The machine learning system 160 may be implemented as part of a transaction processing pipeline. An example transaction processing pipeline is described later with respect to FIGS. 5A and 5B. A transaction processing pipeline may comprise electronic communications between the client devices 110, merchant server 130, payment processor server 140 and machine learning server 150. Other server devices may also be involved, such as banking servers that provide authorisation from an issuing bank. In certain cases, client devices 110 may directly communicate with the payment processor server 140. In use, a transaction processing pipeline typically needs to be completed within one or two hundred milliseconds. In general, sub-second processing times may be deemed real-time (e.g., human beings typically perceive events on a timespan of 400 ms). Furthermore, 100-200 ms may be the desired maximum latency of the full round-trip-time for transaction processing; within this timespan, the time allotted for the machine learning system 160 may be a small fraction of this full amount, such as 10 ms (i.e., less that 5-10% of the target processing time), as most of the time may be reserved for other operations in the transaction processing flow. This presents a technical constraint for the implementation of the machine learning system 160. Furthermore, in real-world implementations, average processing volumes may be on the order of 1000-2000 a second. This means that most “off-the-shelf” machine learning systems are not suitable to implement machine learning system 160. It further means that most machine learning approaches described in academic papers cannot be implemented within the aforementioned transaction processing pipeline without non-obvious adaptations. There is also a problem that anomalies are, by their very nature, rare events and so accurate machine learning systems are difficult to train.

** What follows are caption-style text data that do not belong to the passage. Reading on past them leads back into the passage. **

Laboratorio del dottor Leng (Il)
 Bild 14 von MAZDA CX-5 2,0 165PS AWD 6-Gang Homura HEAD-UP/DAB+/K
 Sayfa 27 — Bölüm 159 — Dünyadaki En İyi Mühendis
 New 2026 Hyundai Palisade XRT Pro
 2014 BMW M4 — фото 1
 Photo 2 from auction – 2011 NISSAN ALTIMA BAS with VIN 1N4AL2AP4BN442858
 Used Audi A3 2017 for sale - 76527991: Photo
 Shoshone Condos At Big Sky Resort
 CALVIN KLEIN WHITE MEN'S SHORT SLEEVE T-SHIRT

FIG. 1B shows a variation 102 of the example transaction processing system 100 of FIG. 1A. In this variation 102, the machine learning system 160 is implemented within the payment processor computer infrastructure, e.g. executed by the payment processor server 140 and/or executed on a locally coupled server within the same local network as the payment processor server 140. The variation 102 of FIG. 1B may be preferred for larger payment processors as it allows faster response times, greater control, and improved security. However, functionally, the transaction processing pipeline may be similar to that of FIG. 1A. For example, in the example of FIG. 1A, the machine learning system 160 may be initiated by a secure external application programming interface (API) call, such as a Representation State Transfer (REST) API call using Hypertext Transfer Protocol Secure (HTTPS), while in FIG. 1B, the machine learning system 160 may be initiated by an internal API call, but where a common end API may handle both requests (e.g., the REST HTTPS API may provide an external wrapper for the internal API).

FIG. 1C shows another variation 104 of the example transaction processing system 100 of FIG. 1A. In this variation 104, the machine learning system 160 is communicatively coupled to local data storage devices 170. For example, data storage devices 170 may be on the same local network as machine learning server 150 or may comprise a local storage network accessible to the machine learning server 150. In this case, there are a plurality of local data storage devices 170-A to 170-N, where each data storage device stores partitioned ancillary data 172. The partitioned ancillary data 172 may comprise parameters for one or more machine learning models. In one case, the ancillary data 172 may comprise a state for machine learning models, where the state may relate to one or more specific entities such as a user or merchant. The partitioning of the ancillary data 172 may need to be applied to meet security requirements set by a third party, such as the payment processor, one or more banks and/or one or more merchants. In use, the machine learning system 160 accesses the ancillary data 172-A to 172-N via the plurality of local data storage devices 170-A to 170-N based on the input data 162. For example, the input data 162 may be received by way of an API request from a particular source and/or may comprise data that identifies that a particular partition is to be used to handle the API request. More details of different storage systems that may be applied to meet security requirements are set out in FIGS. 2A and 2B.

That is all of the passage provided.